Kebijakan Devisa Hasil Ekspor

Dalam Keputusan Menteri Keuangan No. 272 Tahun 2022 ditetapkan 20 komoditas ekspor objek kebijakan Devisa Hasil Ekspor (DHE). Dua puluh komoditas tersebut terdiri atas batu bara, ferro nickel, tembaga, minyak mentah dan yang sudah dimurnikan, gas alam dan cair, karet alam, minyak kelapa sawit, timah dan baja tahan karat.

Takeaways: 

  • Penetapan 20 komoditas ekspor ini mencakup 51.3% dari total ekspor Indonesia selama Januari-Mei 2023. Apabila total ekspor tahun ini mencapai USD 250bn, maka akan ada potensi tambahan cadangan devisa dari kebijakan DHE senilai USD 18.7 bn hingga akhir tahun.
  • Dengan adanya kebijakan ini, kami mengharapkan Indonesia dapat meningkatkan cadangan devisa negara untuk membantu stabilitas Rupiah yang saat ini mendapat tekanan dari kenaikan suku bunga AS.
  • Permintaan akan rupiah dapat meningkat dengan adanya kebijakan DHE yang mewajibkan eksportir untuk menempatkan sebagian dari devisa hasil ekspornya dalam rekening khusus dan menyimpannya dalam sistem keuangan Indonesia.
  • Dampak signifikan dari kebijakan DHE ini cukup baik.

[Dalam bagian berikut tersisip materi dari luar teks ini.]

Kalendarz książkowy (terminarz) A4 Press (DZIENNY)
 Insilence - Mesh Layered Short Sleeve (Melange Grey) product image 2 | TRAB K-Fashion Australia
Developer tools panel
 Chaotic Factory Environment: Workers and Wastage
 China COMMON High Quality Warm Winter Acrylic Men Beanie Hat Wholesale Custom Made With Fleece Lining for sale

Kami berharap pemerintah dapat terus mengawasi dan mengevaluasi implementasi kebijakan ini, juga dampaknya terhadap rupiah, cadangan devisa, dan sektor ekspor untuk memastikan hasil yang positif dan berkelanjutan.

Kredit Perbankan

Pada Juni 2023, Bank Indonesia mencatat pertumbuhan kredit melambat menjadi +7,76% YoY (vs. Mei +9,39% YoY). Sektor jasa dunia usaha, jasa sosial, dan pertambangan juga mengalami penurunan namun tetap menyumbang pertumbuhan. Dalam segmen pembiayaan syariah, pertumbuhan kredit juga melambat menjadi +17,09% YoY pada Juni 2023 (vs. Mei +19,45%). Selain itu, pertumbuhan kredit di segmen UMKM juga mengalami perlambatan menjadi +7,34% YoY pada Juni 2023 (vs Mei +7,6%). Perlambatan pertumbuhan kredit tercermin pada kinerja bank-bank besar seperti BBCA dan BBNI.

Takeaways:

  • Ini menandakan penurunan permintaan kredit dari sektor dunia usaha, jasa sosial, dan pertambangan, yang sebagian disebabkan oleh perilaku wait and see dari korporasi dalam meningkatkan rencana investasi mereka.
  • Meskipun demikian, Bank Indonesia memproyeksikan bahwa pertumbuhan kredit pada tahun 2023 akan tetap berada dalam kisaran +9–11% YoY. Likuiditas perbankan yang masih longgar dapat mendorong peningkatan kredit ke depannya.